(Short web captions)

== Segment start ==

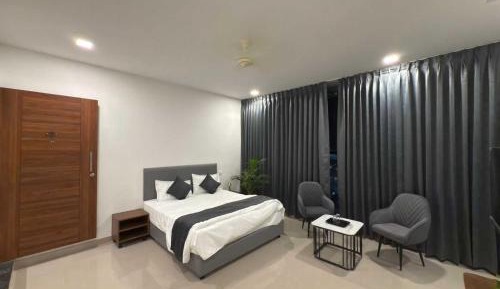 Classic Triple Room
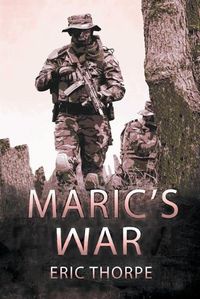 Cover image for Maric's War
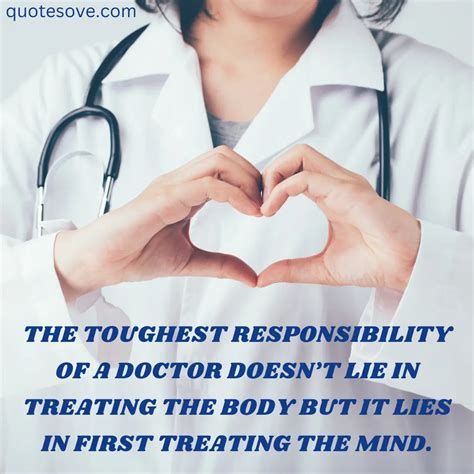 Incredible Compilation of Doctor Quotes Images - Extensive Collection ...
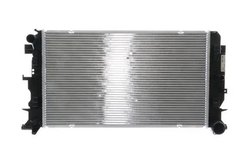 Radiator racire motor MAHLE CR 1710 000S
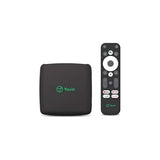 Youin Receptor Android Tv 4k Uhd Con Asistente De Voz Google ( En1040kx )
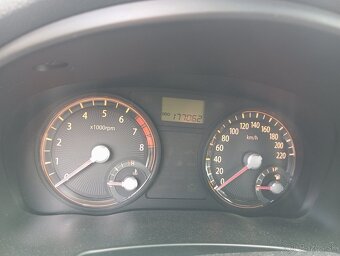 Kia Rio 2008 - 10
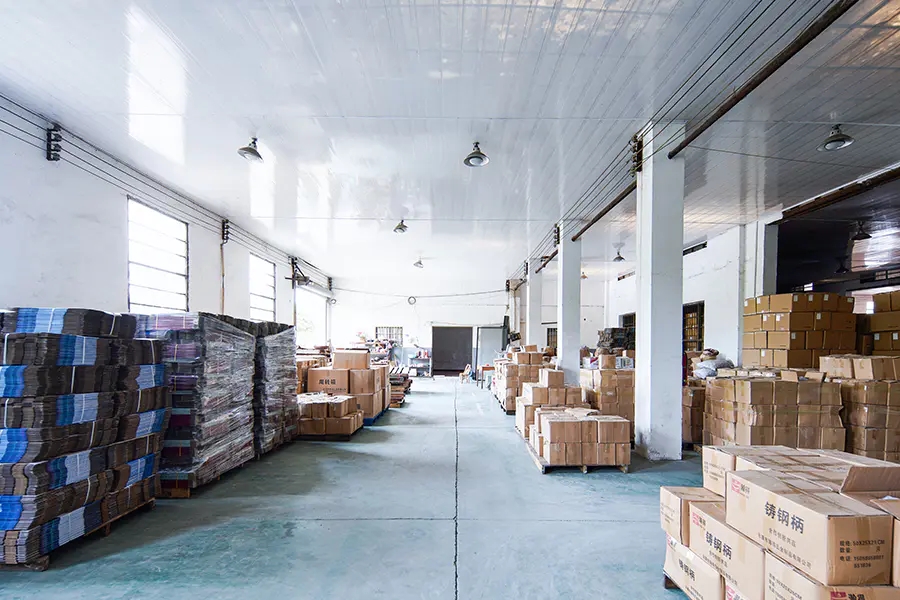 Yongkang Rongfushen Commodity Co., Ltd. nonstick sauce pots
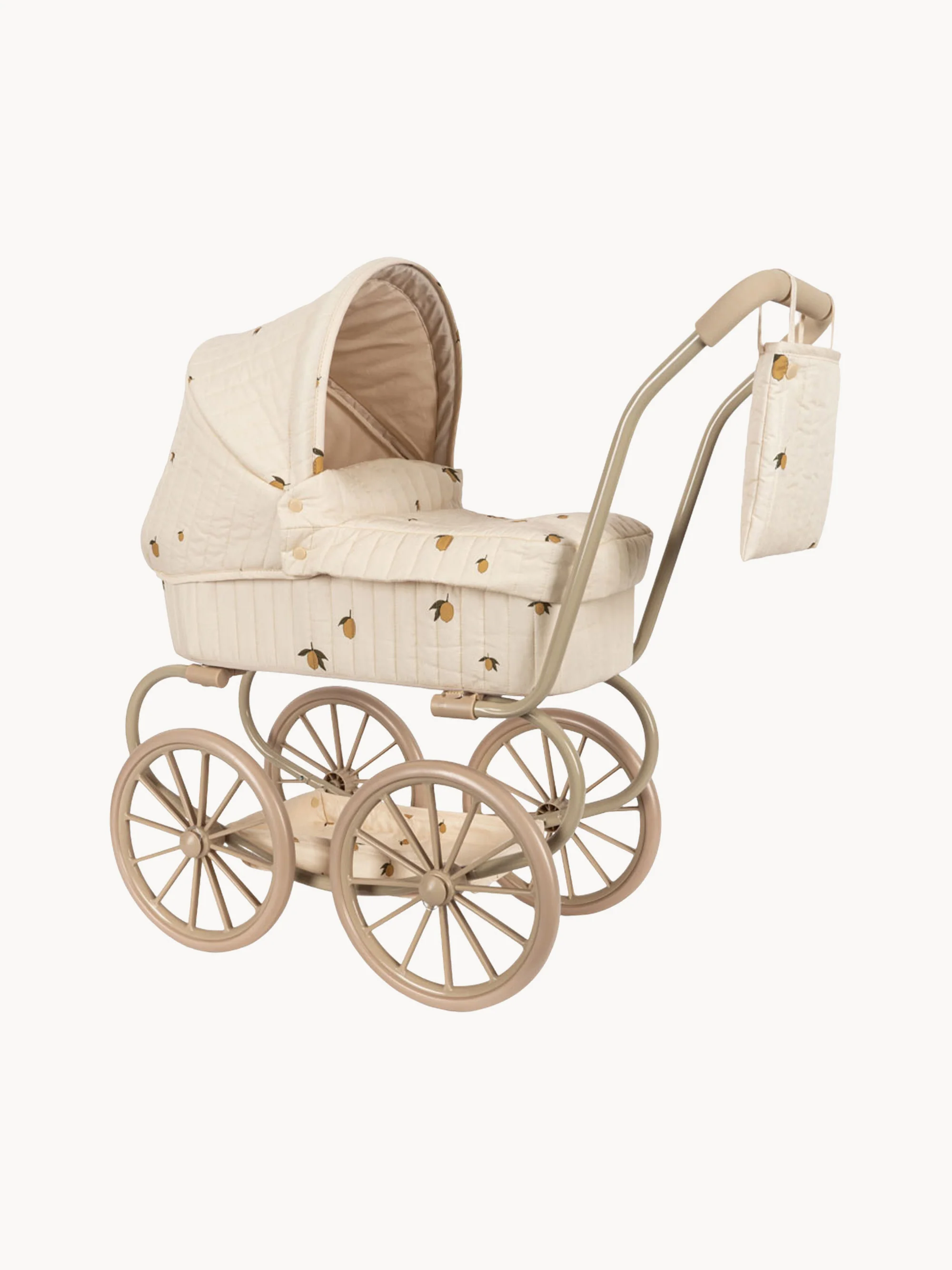 Puppenwagen Lemon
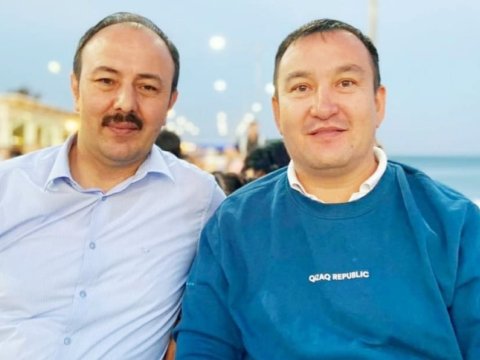 Çağdaş qazax poeziyasına bir baxış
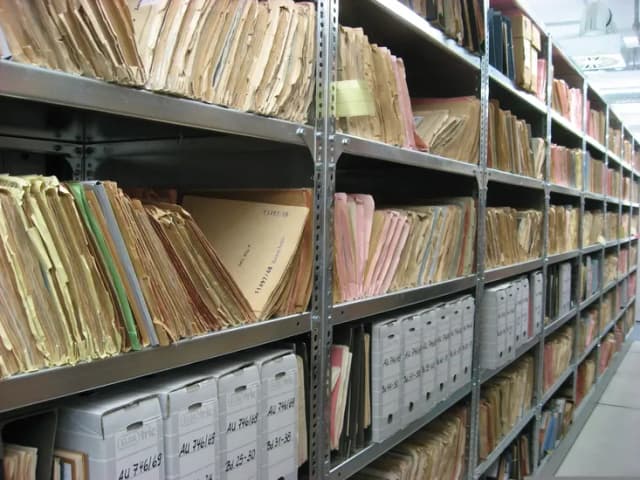 Assistance administrative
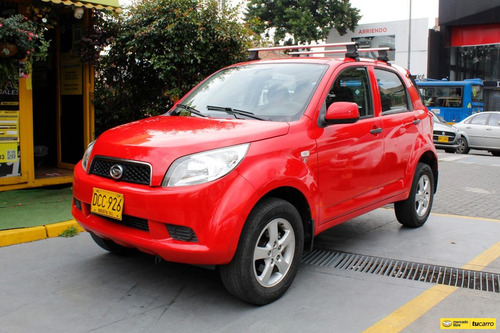 Daihatsu Terios 1.5 Okii Mt 4x4
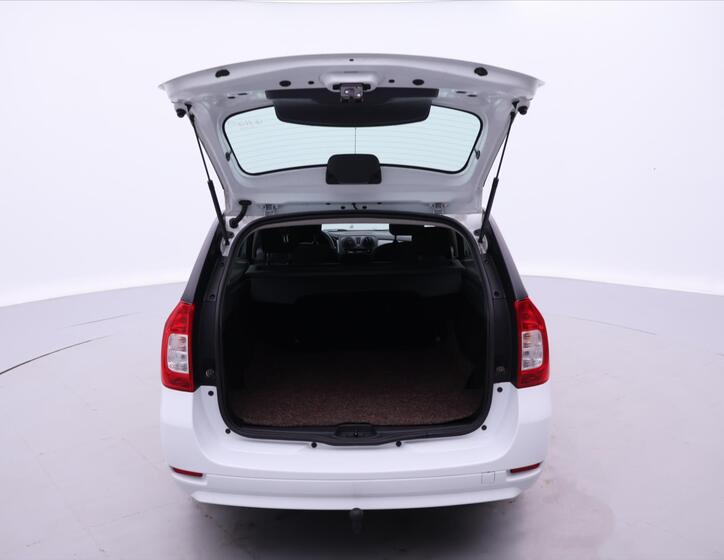 Dacia Logan 9
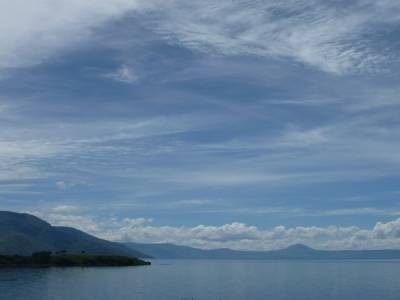 Lac toba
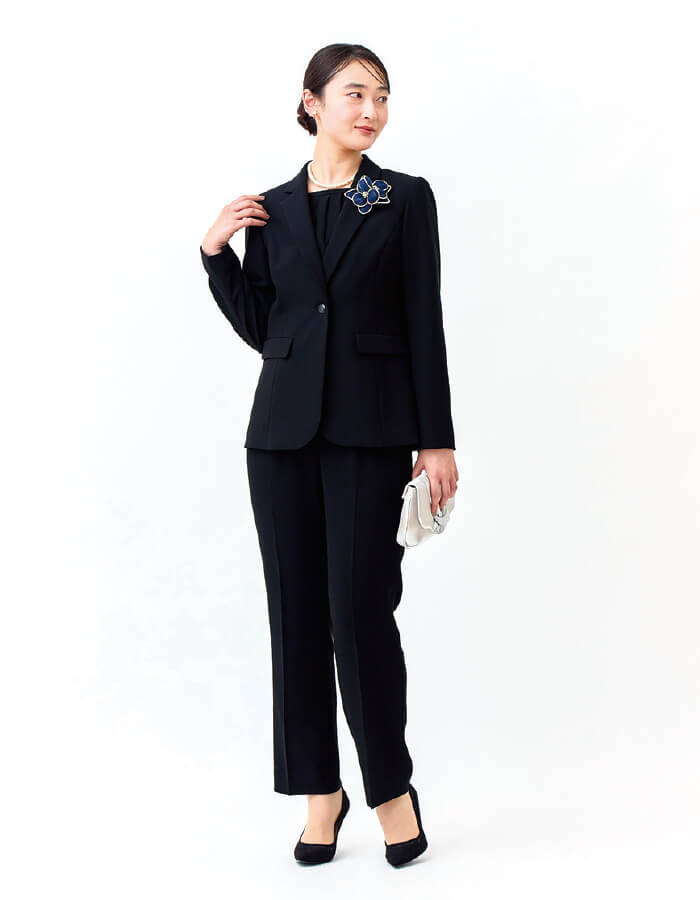 IGINフォーマル トリイユキ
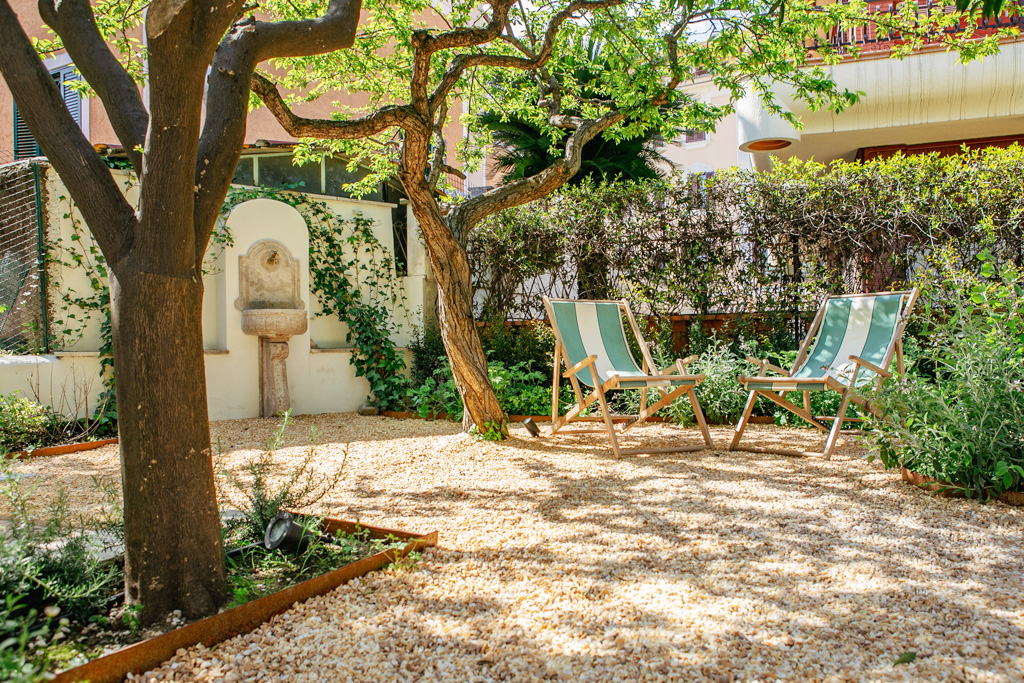 
ORTICA e Federico Ruxo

== Segment end ==

• **EXERCISE REQUIREMENTS**: All preceding records should be duplicated verbatim, images excepted.

• **EXERCISE SOLUTION**:
 Classic Triple Room
 Cover image for Maric's War
 Incredible Compilation of Doctor Quotes Images - Extensive Collection ...
 Radiator racire motor MAHLE CR 1710 000S
 Youin Receptor Android Tv 4k Uhd Con Asistente De Voz Google ( En1040kx )
 Kia Rio 2008 - 10
 Yongkang Rongfushen Commodity Co., Ltd. nonstick sauce pots
 Puppenwagen Lemon
 Çağdaş qazax poeziyasına bir baxış
 Assistance administrative
 Daihatsu Terios 1.5 Okii Mt 4x4
 Dacia Logan 9
 Lac toba
 IGINフォーマル トリイユキ
ORTICA e Federico Ruxo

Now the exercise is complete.